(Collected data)
════

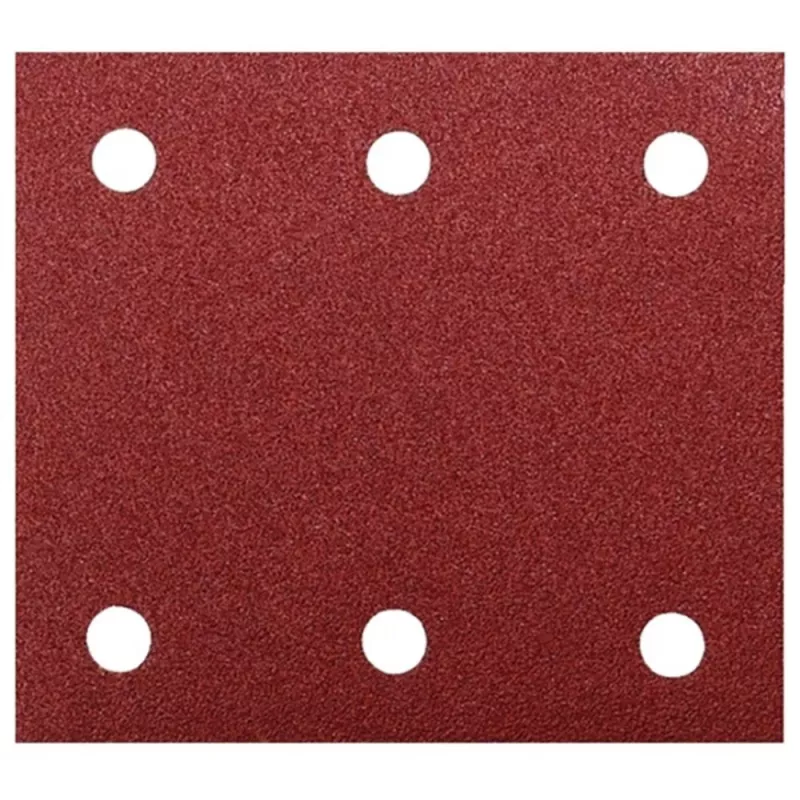 Makita - Schleifpapier - für Holz, Metall, Stahl, lackiertes Holz - 10 Stücke - rechteckig - Körnung: P80 - 102 mm x 114 mm (P-33102)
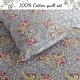 preview thumbnail 2 of 4, Copper Grove Anthurium Floral Paisley Cotton Quilt Bedding Set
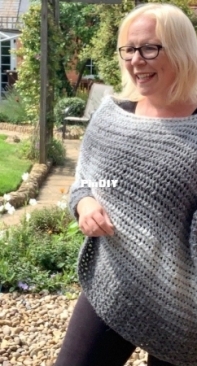 Cosy Rosie UK Designs -Fiona Field - Take it on the Hip Poncho
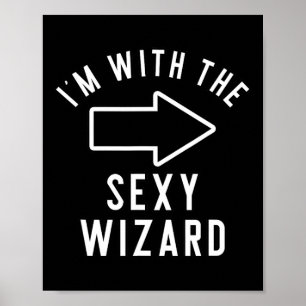 Poster Couples Chemises costumées Halloween Je suis avec 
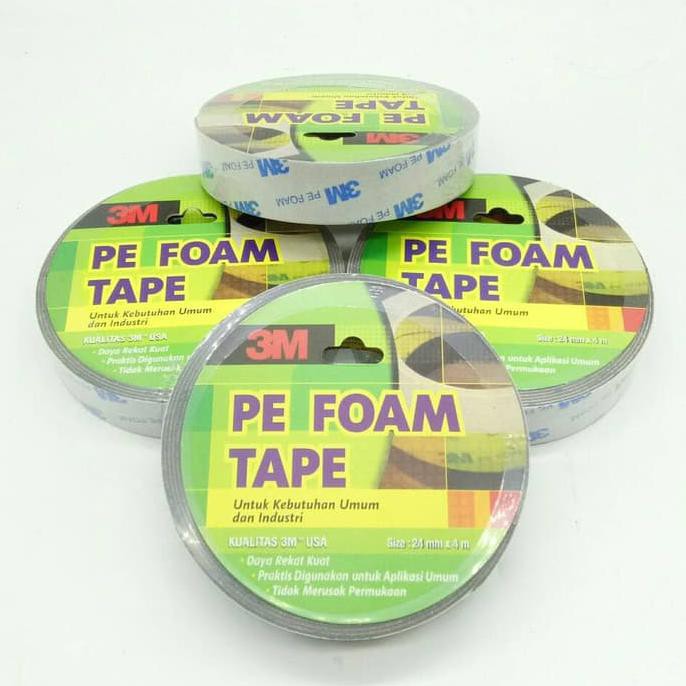 DOUBLE TAPE BUSA 3M Pe Foam Tape 24mm x 4M ORIGINAL 3 M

════

EXERCISE BRIEF:
The answer must be the lines above, word for word, from the first one through the line with "preview thumbnail 2", pictures excluded.

ANSWER TO THIS EXERCISE:
 Makita - Schleifpapier - für Holz, Metall, Stahl, lackiertes Holz - 10 Stücke - rechteckig - Körnung: P80 - 102 mm x 114 mm (P-33102)
 preview thumbnail 2 of 4, Copper Grove Anthurium Floral Paisley Cotton Quilt Bedding Set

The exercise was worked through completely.